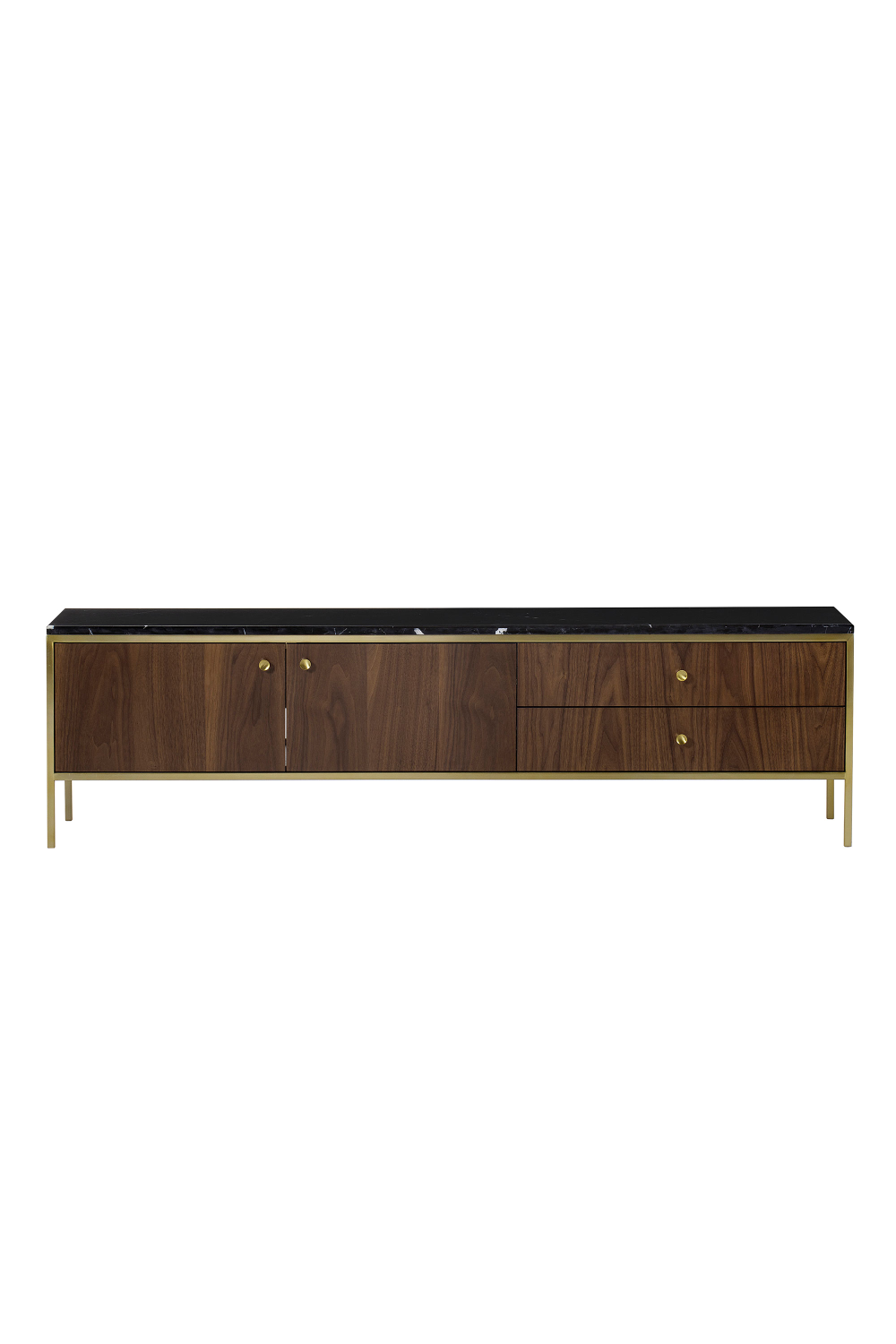 Wooden Media Unit with Marble Top L | Andrew Martin Chester | Woodfurniture.com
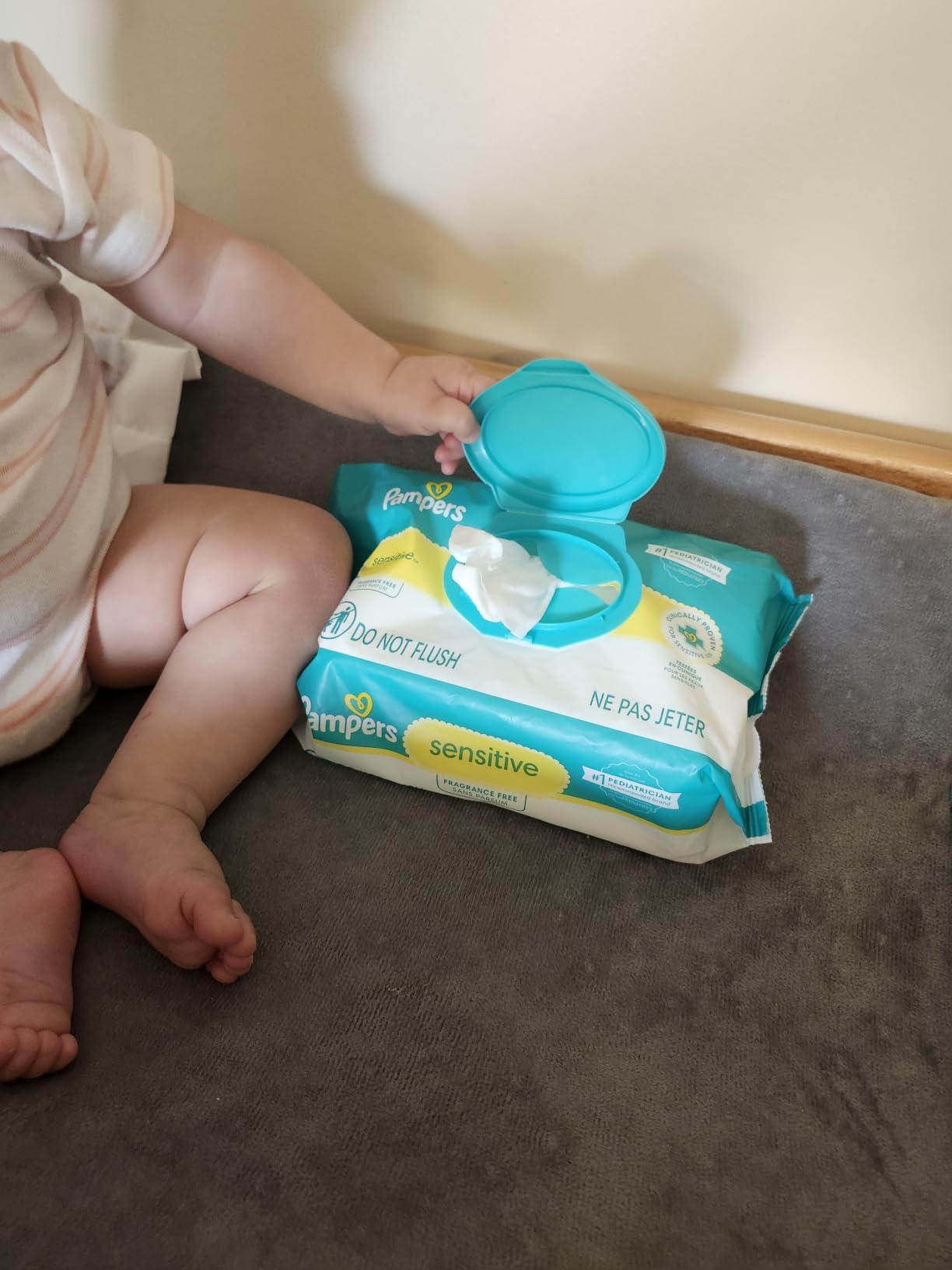 Pampers Sensitive Baby Wipes, Unscented, Fragrance Free, Clinically Proven, Water Based, Hypoallergenic, Multi-Use, Hand Wipes, 1008 Wipes Total (18X Flip-Top Packs) customer photo 1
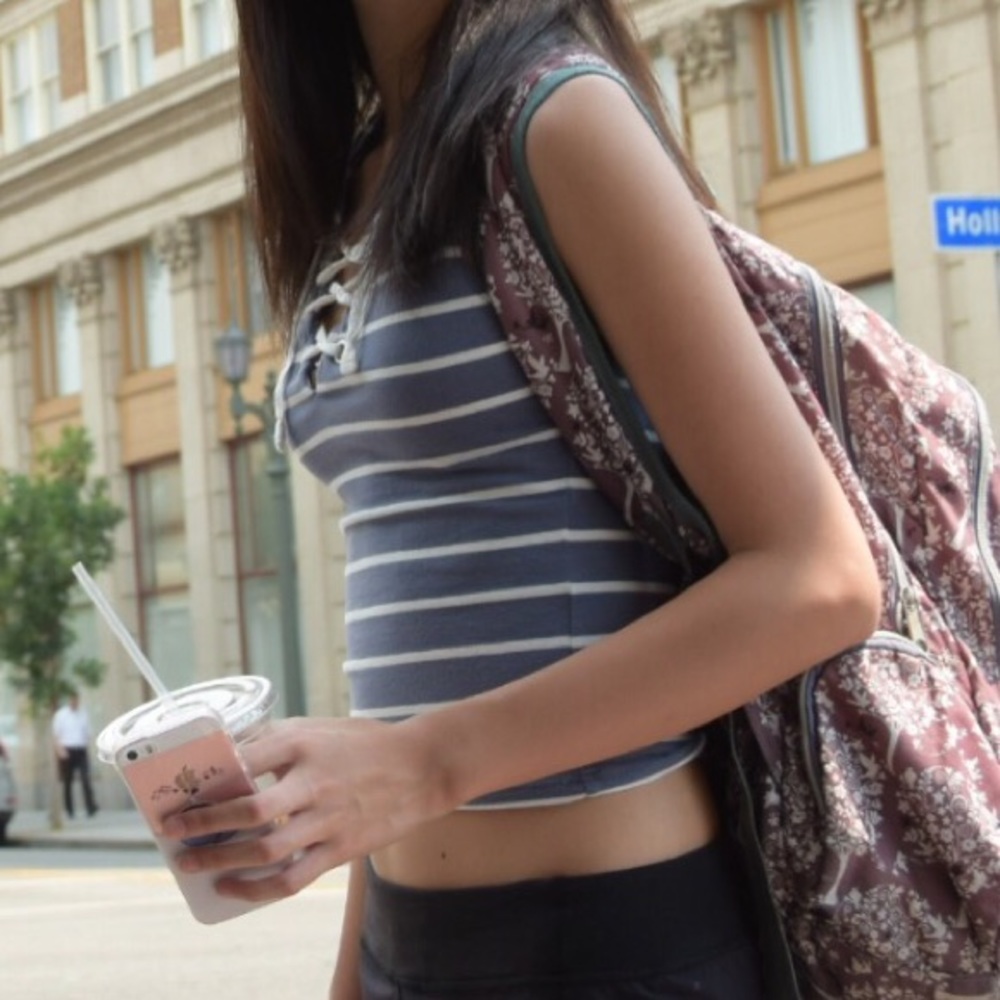 A&F Essential Striped Lace-Up Tank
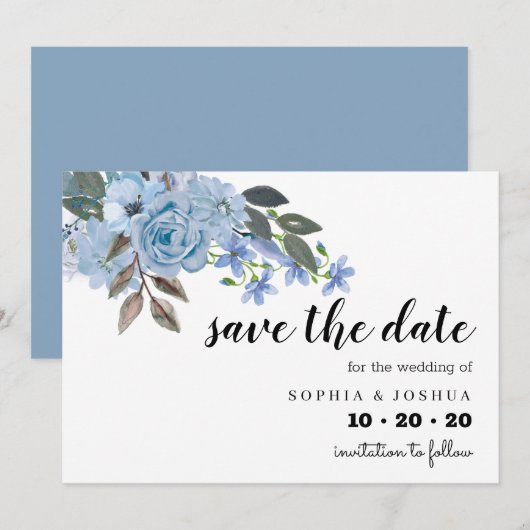 Blauw Floral Script Save the Dates Date (Voorkant / Achterkant)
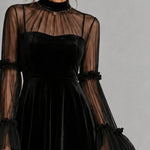 Black Velvet And Sheer Mesh Spliced Pleated Midi Dress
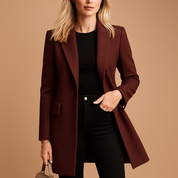 Lange dames winterjas trenchcoat – getailleerde beige jas met elegante look
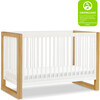 Nantucket 3-in-1 Convertible Crib with Toddler Bed Conversion Kit, Warm White and Honey - Cribs - 9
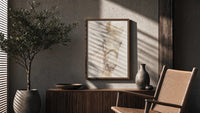 white horse head portrait with bridle vintage art print poster framed above a fluted sideboard beside an olive tree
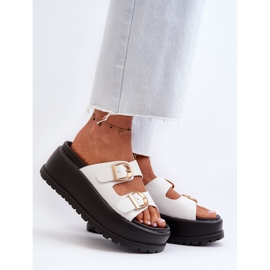 Ženske japanke na masivnoj platformi, bijele Mililena bijela 2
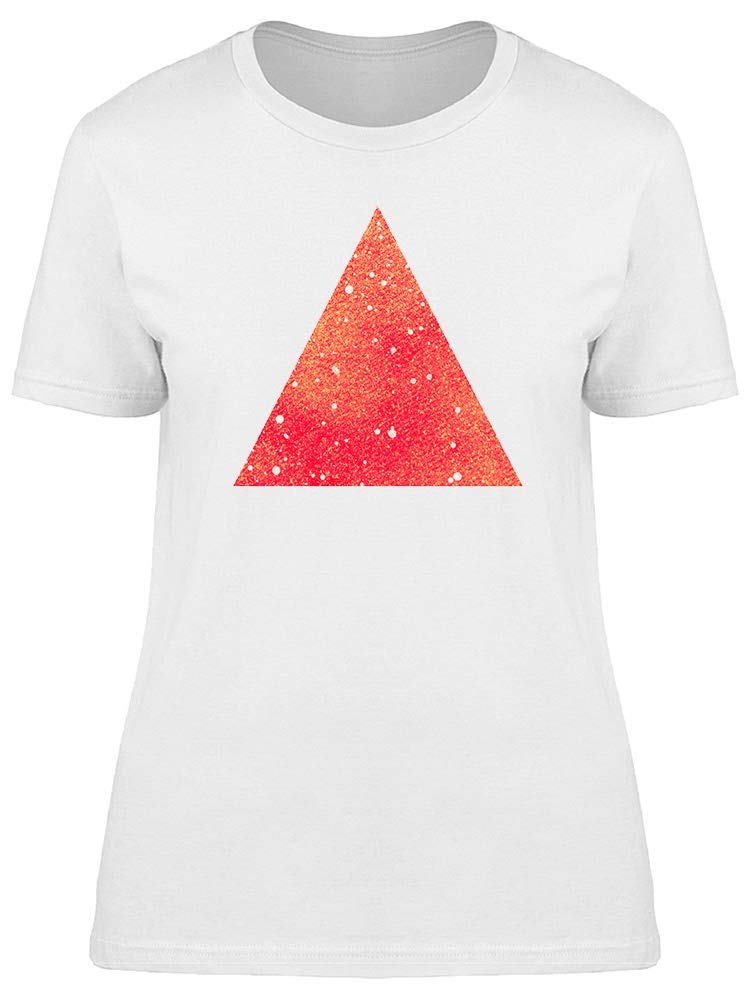 Stylish Red Watercolor Triangle Print Women's T-Shirt - Casual Summer Fashion Top for Streetwear & Graphic Tee Lovers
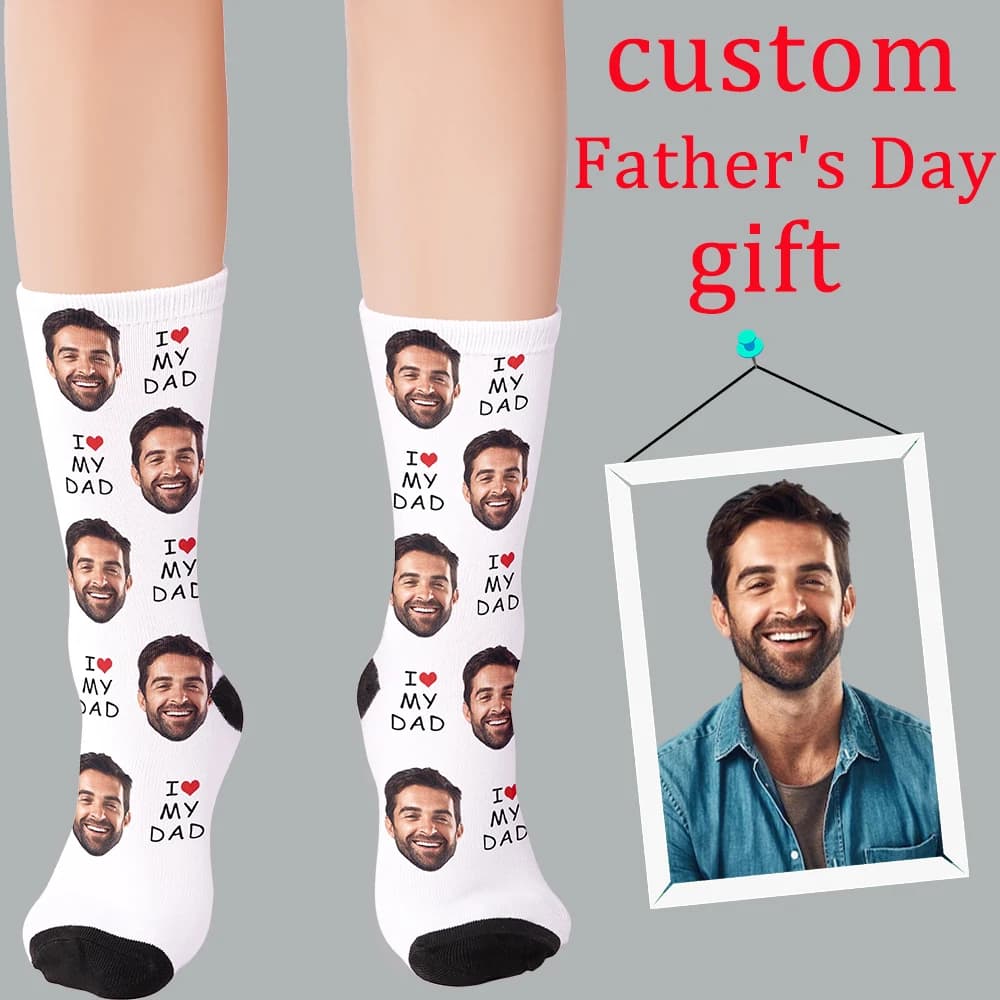 Customized fashion face socks fun tube socks casual fashion long socks the best surprise gift for Father's Day and birthday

**WHAT IS EXPECTED:**
The answer consists solely of the lines from the one holding "Ženske japanke na" through the final line of the records, both ends included, each duplicated exactly. Leave images out.

**RESULT OF THE TASK:**
 Ženske japanke na masivnoj platformi, bijele Mililena bijela 2
 Stylish Red Watercolor Triangle Print Women's T-Shirt - Casual Summer Fashion Top for Streetwear & Graphic Tee Lovers
 Customized fashion face socks fun tube socks casual fashion long socks the best surprise gift for Father's Day and birthday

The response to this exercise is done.